Scraped caption text data:
_ _ _
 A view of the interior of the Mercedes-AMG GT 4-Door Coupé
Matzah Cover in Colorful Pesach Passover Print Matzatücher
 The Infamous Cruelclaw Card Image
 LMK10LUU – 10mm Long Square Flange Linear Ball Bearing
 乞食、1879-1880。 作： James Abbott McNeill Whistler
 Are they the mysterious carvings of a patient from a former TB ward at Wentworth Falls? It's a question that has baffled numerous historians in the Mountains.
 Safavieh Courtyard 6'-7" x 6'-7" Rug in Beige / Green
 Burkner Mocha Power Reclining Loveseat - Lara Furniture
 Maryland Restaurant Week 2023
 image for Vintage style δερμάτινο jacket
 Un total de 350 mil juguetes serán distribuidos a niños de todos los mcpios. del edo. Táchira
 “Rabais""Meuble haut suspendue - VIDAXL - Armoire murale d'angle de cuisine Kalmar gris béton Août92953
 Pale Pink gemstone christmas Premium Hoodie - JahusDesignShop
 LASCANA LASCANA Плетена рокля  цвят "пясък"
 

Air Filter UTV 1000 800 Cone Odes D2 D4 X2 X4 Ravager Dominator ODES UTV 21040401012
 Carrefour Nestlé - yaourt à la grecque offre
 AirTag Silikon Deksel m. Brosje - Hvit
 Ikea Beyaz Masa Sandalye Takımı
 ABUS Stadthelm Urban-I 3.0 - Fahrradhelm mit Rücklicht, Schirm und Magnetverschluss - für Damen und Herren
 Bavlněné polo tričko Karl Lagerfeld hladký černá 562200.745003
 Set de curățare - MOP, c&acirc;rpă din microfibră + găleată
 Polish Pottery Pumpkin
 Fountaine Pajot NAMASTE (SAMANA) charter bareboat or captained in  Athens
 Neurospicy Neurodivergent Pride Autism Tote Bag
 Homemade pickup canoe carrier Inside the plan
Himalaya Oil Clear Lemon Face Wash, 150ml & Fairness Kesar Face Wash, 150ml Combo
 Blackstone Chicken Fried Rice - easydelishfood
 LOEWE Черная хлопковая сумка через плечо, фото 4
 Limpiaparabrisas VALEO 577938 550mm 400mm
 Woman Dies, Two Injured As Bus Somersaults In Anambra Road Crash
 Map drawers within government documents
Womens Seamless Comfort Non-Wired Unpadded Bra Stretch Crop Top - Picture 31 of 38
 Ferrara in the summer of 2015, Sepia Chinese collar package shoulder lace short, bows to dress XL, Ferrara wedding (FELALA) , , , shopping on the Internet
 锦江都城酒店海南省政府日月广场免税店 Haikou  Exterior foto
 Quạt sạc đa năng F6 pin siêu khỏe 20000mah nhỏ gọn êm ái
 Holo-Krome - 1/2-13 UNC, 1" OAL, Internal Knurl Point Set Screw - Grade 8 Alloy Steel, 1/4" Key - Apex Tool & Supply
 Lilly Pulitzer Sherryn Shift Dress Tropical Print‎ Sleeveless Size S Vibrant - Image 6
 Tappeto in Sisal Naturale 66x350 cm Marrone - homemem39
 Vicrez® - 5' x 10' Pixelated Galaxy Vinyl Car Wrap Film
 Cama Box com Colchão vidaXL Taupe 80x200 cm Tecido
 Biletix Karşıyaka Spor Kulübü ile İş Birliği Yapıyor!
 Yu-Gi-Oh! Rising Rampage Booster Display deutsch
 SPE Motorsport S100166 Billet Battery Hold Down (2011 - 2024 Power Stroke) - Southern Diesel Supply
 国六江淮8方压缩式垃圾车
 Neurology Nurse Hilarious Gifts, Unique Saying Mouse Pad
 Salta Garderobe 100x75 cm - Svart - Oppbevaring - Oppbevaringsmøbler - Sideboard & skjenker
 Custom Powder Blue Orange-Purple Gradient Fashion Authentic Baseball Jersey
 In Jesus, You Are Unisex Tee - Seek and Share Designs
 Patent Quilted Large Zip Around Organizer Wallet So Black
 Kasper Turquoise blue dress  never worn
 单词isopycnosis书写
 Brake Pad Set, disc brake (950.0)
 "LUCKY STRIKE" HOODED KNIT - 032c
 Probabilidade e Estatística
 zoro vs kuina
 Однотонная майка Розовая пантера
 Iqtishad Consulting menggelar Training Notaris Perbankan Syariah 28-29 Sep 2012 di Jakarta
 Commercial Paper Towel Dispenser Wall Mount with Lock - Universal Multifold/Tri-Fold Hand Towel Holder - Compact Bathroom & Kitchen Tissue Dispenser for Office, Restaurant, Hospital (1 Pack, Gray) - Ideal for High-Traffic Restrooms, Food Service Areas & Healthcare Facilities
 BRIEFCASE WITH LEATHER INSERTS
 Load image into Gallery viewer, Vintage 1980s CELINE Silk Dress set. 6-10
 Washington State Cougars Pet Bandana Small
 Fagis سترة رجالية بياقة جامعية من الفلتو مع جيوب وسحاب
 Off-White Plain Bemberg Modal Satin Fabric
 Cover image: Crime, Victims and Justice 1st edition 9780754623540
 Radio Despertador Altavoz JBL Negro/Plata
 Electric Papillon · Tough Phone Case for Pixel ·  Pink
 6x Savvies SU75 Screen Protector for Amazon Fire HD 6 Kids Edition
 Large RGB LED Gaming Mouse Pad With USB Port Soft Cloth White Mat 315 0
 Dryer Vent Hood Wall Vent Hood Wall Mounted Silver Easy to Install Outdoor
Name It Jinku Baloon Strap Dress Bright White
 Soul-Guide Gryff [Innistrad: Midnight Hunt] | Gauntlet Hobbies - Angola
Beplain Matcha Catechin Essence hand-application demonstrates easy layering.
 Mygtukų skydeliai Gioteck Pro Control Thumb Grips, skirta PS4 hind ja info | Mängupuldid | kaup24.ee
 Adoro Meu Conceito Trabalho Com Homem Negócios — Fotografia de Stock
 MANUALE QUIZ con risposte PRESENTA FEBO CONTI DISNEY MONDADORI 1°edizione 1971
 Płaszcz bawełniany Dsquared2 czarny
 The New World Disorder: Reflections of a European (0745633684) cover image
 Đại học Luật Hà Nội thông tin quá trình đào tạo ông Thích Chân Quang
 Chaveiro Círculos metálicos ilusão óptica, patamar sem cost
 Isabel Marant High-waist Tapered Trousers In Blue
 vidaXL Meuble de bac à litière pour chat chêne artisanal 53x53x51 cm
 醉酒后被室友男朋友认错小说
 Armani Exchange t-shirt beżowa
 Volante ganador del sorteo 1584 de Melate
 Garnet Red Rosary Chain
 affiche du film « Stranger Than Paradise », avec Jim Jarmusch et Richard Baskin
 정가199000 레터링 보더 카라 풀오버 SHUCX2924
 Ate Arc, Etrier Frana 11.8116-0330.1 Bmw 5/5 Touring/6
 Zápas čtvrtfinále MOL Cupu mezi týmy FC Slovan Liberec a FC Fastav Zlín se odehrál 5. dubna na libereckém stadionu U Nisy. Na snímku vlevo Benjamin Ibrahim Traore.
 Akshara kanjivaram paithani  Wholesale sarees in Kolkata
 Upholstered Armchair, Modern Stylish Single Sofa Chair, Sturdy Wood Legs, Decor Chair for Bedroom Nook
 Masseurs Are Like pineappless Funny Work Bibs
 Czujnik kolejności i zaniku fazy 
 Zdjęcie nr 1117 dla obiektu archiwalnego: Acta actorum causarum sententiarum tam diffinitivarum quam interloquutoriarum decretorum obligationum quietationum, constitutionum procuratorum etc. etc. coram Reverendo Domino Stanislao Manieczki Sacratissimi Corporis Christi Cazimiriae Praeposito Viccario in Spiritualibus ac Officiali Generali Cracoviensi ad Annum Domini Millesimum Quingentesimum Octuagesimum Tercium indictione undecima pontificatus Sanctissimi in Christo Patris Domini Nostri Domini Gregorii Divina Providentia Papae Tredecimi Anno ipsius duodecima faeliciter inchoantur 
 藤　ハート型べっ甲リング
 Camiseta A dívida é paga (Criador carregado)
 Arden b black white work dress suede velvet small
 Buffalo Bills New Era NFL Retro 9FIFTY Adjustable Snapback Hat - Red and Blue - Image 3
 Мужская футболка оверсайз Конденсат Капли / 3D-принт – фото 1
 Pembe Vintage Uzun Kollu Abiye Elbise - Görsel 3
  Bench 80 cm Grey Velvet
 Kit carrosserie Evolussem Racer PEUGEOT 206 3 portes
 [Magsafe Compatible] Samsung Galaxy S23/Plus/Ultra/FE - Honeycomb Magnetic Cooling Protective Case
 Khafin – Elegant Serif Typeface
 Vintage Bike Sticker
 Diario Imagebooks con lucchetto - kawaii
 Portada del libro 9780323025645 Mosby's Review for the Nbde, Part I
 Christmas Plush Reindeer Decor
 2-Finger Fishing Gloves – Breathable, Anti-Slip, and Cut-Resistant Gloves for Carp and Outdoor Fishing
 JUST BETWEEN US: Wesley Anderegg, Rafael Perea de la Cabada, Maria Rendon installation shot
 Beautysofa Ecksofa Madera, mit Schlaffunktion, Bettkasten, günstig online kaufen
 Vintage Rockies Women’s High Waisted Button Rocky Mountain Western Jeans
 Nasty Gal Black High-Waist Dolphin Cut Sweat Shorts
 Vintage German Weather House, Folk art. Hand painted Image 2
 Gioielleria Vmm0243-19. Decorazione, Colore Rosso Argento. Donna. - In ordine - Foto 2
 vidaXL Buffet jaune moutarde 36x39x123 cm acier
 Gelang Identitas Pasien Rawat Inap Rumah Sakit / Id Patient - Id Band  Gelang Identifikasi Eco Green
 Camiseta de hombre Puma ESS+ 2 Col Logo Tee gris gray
_ _ _
- TASK OBJECTIVE: Each line in the entries above, starting at the line with "Kit carrosserie Evolussem" and ending at the line with "Diario Imagebooks con lucchetto - kawaii", is to be printed exactly, and only those lines.

- YOUR SOLUTION:
 Kit carrosserie Evolussem Racer PEUGEOT 206 3 portes
 [Magsafe Compatible] Samsung Galaxy S23/Plus/Ultra/FE - Honeycomb Magnetic Cooling Protective Case
 Khafin – Elegant Serif Typeface
 Vintage Bike Sticker
 Diario Imagebooks con lucchetto - kawaii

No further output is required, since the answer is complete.